Germany building too few homes, and the wrong kind
February 8, 2017It's nothing new that German cities are running out of affordable housing, but up until now it wasn't clear that the wrong types of apartments were also being built. That's the major new insight in a study published this week by the economic think tank, Cologne Institute for Economic Research (IW).
Only 32 percent of the necessary new apartments were built in Germany's major cities between 2011 and 2015, the study found - putting growing pressures on the housing market. The IW also discovered a particular scarcity in Berlin - where only 25 percent of the demand was being covered - in particular, of two-to-four-room apartments.

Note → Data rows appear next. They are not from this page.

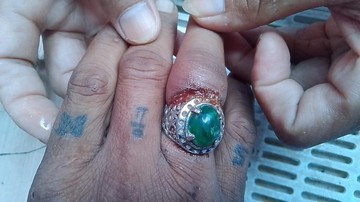 Terjepit Batu Akik Pasca-Kecelakaan, Pria Kuningan Cari Bantuan Ekstra ke Dinas Pemadam Kebakaran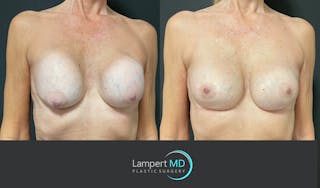 Breast Revision Before & After Gallery - Patient 144554872 - Image 3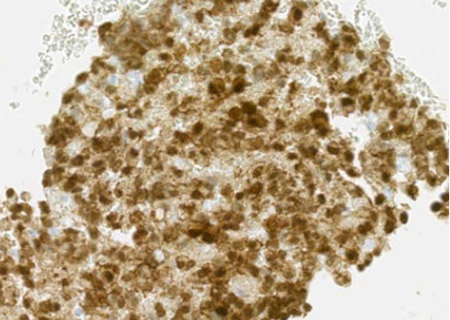 大きさ10mmのSolid pseudopapillary neoplasm（SPN）　図3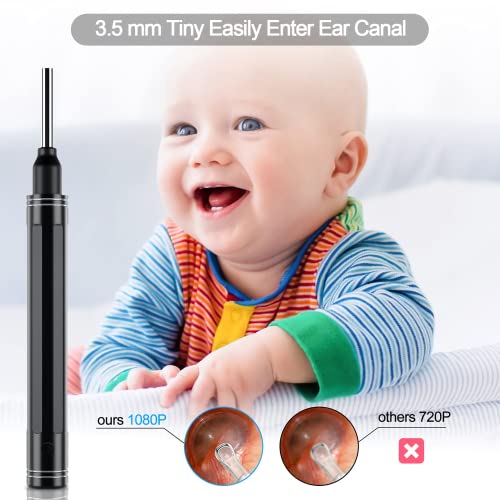 Ear Wax Removal Tool Camera - Ear Camera Ultra Clear View Ear Cleaner Camera 3.5mm Otoscope 1080p Wireless with 6 Led Lights for iPhone Android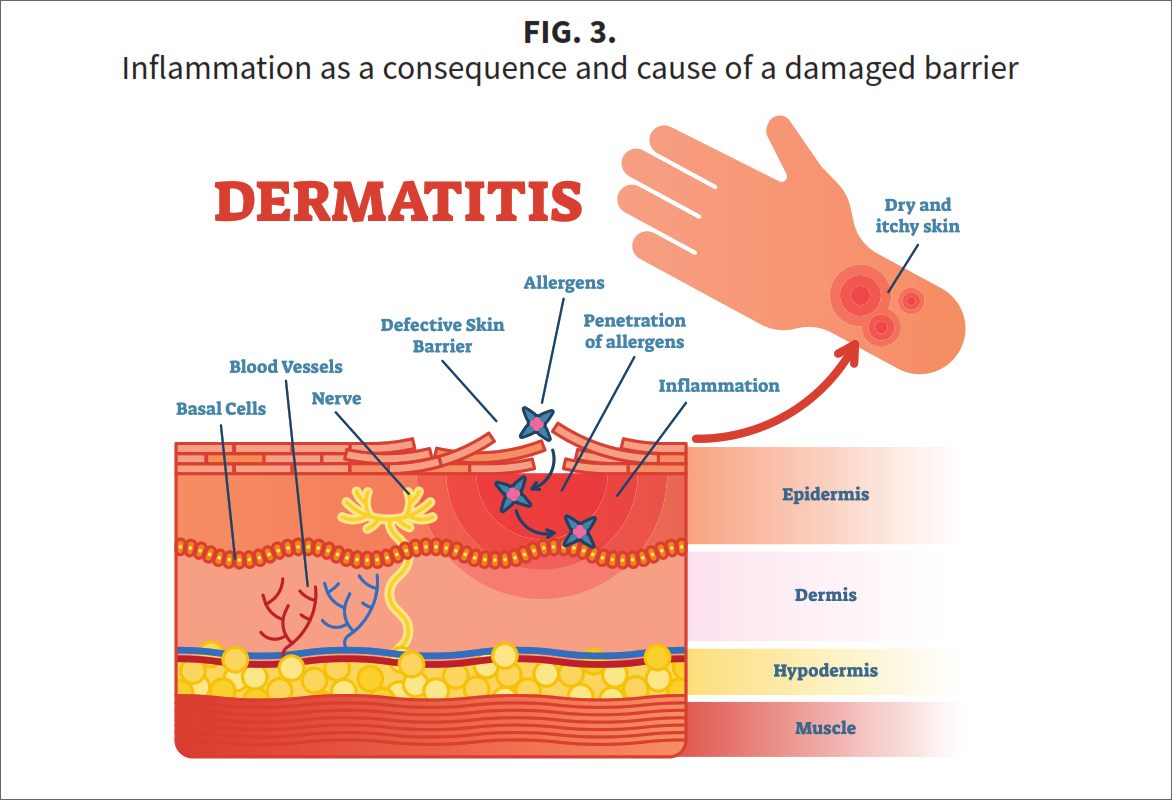 Fig-3-A2 Three stars of corneotherapy &mdash;  barrier lipids, antioxidants & hyaluronic acid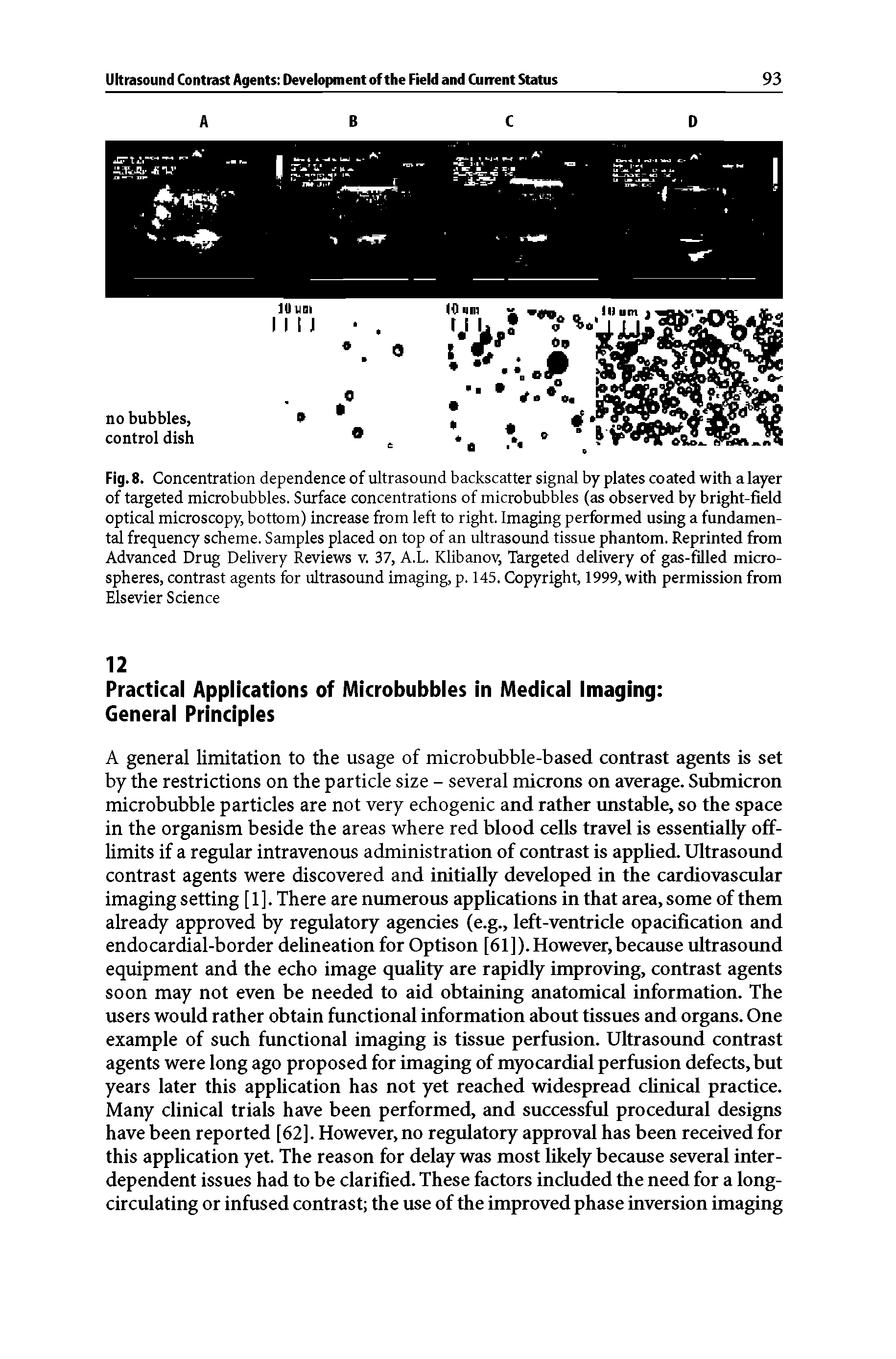 Fig. 8. Concentration dependence of ultrasound backscatter signal by plates coated with a layer of targeted microbubbles. Surface concentrations of microbubbles (as observed by bright-field optical microscopy, bottom) increase from left to right. Imaging performed using a fundamental frequency scheme. Samples placed on top of an ultrasound tissue phantom. Reprinted from Advanced Drug Delivery Reviews v. 37, A.L. Klibanov, Targeted delivery of gas-filled microspheres, contrast agents for ultrasound imaging, p. 145. Copyright, 1999, with permission from Elsevier Science...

Meanwhile, there was barely any shortage of up-market apartments.
While the market had successfully covered 97 percent of the demand for five-room apartments across Germany, only 30 percent of the necessary two-room apartments were being built - and in Berlin, the figure was as low as 20 percent.
"We're not building the apartments where they're needed," study author Michael Voigtländer said. Altogether, Germany needs 385,150 new apartments every year over the next three years, the IW concluded, with the nation's capital, which is currently growing by 40,000 people annually, needing some 31,230 every year.
More building?
"That was pretty surprising, that there was such a drastic shortage of small apartments," Voigtländer told DW. "The fact that large apartments are being built, even though people need two or three room apartments."
For Voigtländer, the problem is obvious - lack of room. "The investors do want to build, but there's a lack of building land," he said. "And if there's a lack of building land, then of course they build what gets them the biggest margins - and that's the biggest and most expensive apartments."
The solution, therefore, is to find more room to build, and an aerial view of Berlin shows there is space in major German cities. "Not only that, we need to see that we make better use of what we have," he added. "Cheaper homes don't necessarily come from new buildings - we have to find incentives for landlords to offer sub-lets, for example, or incentives to divide up large apartments into smaller ones."
Voigtländer also thinks that some regulations - for example for renovating attic floors - are too strict. "You could certainly adjust some of the screws here and there," he said. "But the essential thing is building space."
Rich well-served, poor left to struggle
But others think the problems are much deeper. Wibke Werner, deputy director of Berlin's tenants association, the Mieterverein, thinks there are a lot more reasons why German cities are struggling to house their inhabitants. "Another problem is that most of the new apartments are for owning, not renting," she told DW. "Given that more than half of Berliners have a relatively low income, the demand is nowhere near covered for now. And even when they build smaller apartments, they're usually fairly luxurious."
Werner doubts whether it's even possible to cover the demand with new building, since private developers have no incentive to build cheap homes, and state property companies only account for about 16 percent of Berlin's property. Meanwhile, most of the undeveloped land in inner city Berlin is also in private hands.
For Werner, a solution might be to offer incentives to private developers to build cheaper homes - something the new Berlin government (a center-left coalition of Social Democrats, Greens, and the Left party) has failed to do: "They're concentrating on the city- and council-owned companies, and avoiding the question of how they're getting the private developers and landlords on board too," she said, before admitting, "But then again, it is a difficult question to answer."
At the end of the day, the state needs to offer developers some cash, Werner concluded. "Some kind of subsidy that is more attractive than what they can get on the market," she said This, she suggested, could be tied to regulations on how many two or three-room apartments should be included in any new buildings.
Behind this problem there is also the question of growing land price speculation through hedge funds - but that is an area that can only be regulated at the federal level.